→ **EXERCISE PROMPT**: Each record in the material below must be written out again exactly.

THE RECORDS below:

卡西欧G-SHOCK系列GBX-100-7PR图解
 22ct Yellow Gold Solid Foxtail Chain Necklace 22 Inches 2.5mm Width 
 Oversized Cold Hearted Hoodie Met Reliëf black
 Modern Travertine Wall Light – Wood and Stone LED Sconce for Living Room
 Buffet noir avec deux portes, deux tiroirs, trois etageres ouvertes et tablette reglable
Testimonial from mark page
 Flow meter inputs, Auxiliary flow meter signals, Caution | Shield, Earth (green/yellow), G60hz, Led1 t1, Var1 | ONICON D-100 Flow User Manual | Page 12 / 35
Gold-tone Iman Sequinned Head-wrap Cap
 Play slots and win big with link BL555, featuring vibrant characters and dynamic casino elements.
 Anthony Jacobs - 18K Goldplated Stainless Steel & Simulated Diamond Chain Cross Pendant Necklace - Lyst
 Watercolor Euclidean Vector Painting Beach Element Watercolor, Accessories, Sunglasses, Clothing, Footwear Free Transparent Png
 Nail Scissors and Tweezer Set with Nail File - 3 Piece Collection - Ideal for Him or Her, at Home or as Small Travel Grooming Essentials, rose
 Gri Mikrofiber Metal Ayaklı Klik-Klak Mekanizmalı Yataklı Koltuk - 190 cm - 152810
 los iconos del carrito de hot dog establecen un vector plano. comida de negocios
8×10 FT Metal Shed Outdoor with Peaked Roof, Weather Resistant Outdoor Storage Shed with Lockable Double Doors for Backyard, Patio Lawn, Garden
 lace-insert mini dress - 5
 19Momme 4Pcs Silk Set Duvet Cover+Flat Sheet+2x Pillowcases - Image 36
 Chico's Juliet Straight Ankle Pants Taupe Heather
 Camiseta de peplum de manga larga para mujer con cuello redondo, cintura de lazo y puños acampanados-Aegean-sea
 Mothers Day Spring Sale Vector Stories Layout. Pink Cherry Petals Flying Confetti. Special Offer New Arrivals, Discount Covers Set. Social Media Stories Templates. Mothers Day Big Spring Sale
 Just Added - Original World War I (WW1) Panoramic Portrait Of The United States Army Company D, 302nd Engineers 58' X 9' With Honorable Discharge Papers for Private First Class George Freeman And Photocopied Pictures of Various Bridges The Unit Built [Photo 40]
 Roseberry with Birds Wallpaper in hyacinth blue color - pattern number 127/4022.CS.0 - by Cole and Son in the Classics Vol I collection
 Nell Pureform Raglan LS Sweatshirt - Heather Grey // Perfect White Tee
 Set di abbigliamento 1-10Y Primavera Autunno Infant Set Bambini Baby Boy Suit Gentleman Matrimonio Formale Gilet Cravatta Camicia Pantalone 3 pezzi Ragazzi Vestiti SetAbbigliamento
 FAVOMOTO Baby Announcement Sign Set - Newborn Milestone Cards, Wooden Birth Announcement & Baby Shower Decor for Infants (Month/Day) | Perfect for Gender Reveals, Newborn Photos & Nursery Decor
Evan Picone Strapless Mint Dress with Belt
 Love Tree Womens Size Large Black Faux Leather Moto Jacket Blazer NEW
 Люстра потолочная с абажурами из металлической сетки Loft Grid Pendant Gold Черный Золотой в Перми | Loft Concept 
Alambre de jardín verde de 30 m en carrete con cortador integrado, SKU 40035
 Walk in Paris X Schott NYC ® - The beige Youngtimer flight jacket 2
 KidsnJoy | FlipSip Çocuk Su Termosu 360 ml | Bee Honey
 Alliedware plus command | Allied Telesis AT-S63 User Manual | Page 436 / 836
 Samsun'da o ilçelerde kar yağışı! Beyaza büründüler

End of THE RECORDS.

→ **ANSWER TO THIS EXERCISE**:
卡西欧G-SHOCK系列GBX-100-7PR图解
 22ct Yellow Gold Solid Foxtail Chain Necklace 22 Inches 2.5mm Width 
 Oversized Cold Hearted Hoodie Met Reliëf black
 Modern Travertine Wall Light – Wood and Stone LED Sconce for Living Room
 Buffet noir avec deux portes, deux tiroirs, trois etageres ouvertes et tablette reglable
Testimonial from mark page
 Flow meter inputs, Auxiliary flow meter signals, Caution | Shield, Earth (green/yellow), G60hz, Led1 t1, Var1 | ONICON D-100 Flow User Manual | Page 12 / 35
Gold-tone Iman Sequinned Head-wrap Cap
 Play slots and win big with link BL555, featuring vibrant characters and dynamic casino elements.
 Anthony Jacobs - 18K Goldplated Stainless Steel & Simulated Diamond Chain Cross Pendant Necklace - Lyst
 Watercolor Euclidean Vector Painting Beach Element Watercolor, Accessories, Sunglasses, Clothing, Footwear Free Transparent Png
 Nail Scissors and Tweezer Set with Nail File - 3 Piece Collection - Ideal for Him or Her, at Home or as Small Travel Grooming Essentials, rose
 Gri Mikrofiber Metal Ayaklı Klik-Klak Mekanizmalı Yataklı Koltuk - 190 cm - 152810
 los iconos del carrito de hot dog establecen un vector plano. comida de negocios
8×10 FT Metal Shed Outdoor with Peaked Roof, Weather Resistant Outdoor Storage Shed with Lockable Double Doors for Backyard, Patio Lawn, Garden
 lace-insert mini dress - 5
 19Momme 4Pcs Silk Set Duvet Cover+Flat Sheet+2x Pillowcases - Image 36
 Chico's Juliet Straight Ankle Pants Taupe Heather
 Camiseta de peplum de manga larga para mujer con cuello redondo, cintura de lazo y puños acampanados-Aegean-sea
 Mothers Day Spring Sale Vector Stories Layout. Pink Cherry Petals Flying Confetti. Special Offer New Arrivals, Discount Covers Set. Social Media Stories Templates. Mothers Day Big Spring Sale
 Just Added - Original World War I (WW1) Panoramic Portrait Of The United States Army Company D, 302nd Engineers 58' X 9' With Honorable Discharge Papers for Private First Class George Freeman And Photocopied Pictures of Various Bridges The Unit Built [Photo 40]
 Roseberry with Birds Wallpaper in hyacinth blue color - pattern number 127/4022.CS.0 - by Cole and Son in the Classics Vol I collection
 Nell Pureform Raglan LS Sweatshirt - Heather Grey // Perfect White Tee
 Set di abbigliamento 1-10Y Primavera Autunno Infant Set Bambini Baby Boy Suit Gentleman Matrimonio Formale Gilet Cravatta Camicia Pantalone 3 pezzi Ragazzi Vestiti SetAbbigliamento
 FAVOMOTO Baby Announcement Sign Set - Newborn Milestone Cards, Wooden Birth Announcement & Baby Shower Decor for Infants (Month/Day) | Perfect for Gender Reveals, Newborn Photos & Nursery Decor
Evan Picone Strapless Mint Dress with Belt
 Love Tree Womens Size Large Black Faux Leather Moto Jacket Blazer NEW
 Люстра потолочная с абажурами из металлической сетки Loft Grid Pendant Gold Черный Золотой в Перми | Loft Concept 
Alambre de jardín verde de 30 m en carrete con cortador integrado, SKU 40035
 Walk in Paris X Schott NYC ® - The beige Youngtimer flight jacket 2
 KidsnJoy | FlipSip Çocuk Su Termosu 360 ml | Bee Honey
 Alliedware plus command | Allied Telesis AT-S63 User Manual | Page 436 / 836
 Samsun'da o ilçelerde kar yağışı! Beyaza büründüler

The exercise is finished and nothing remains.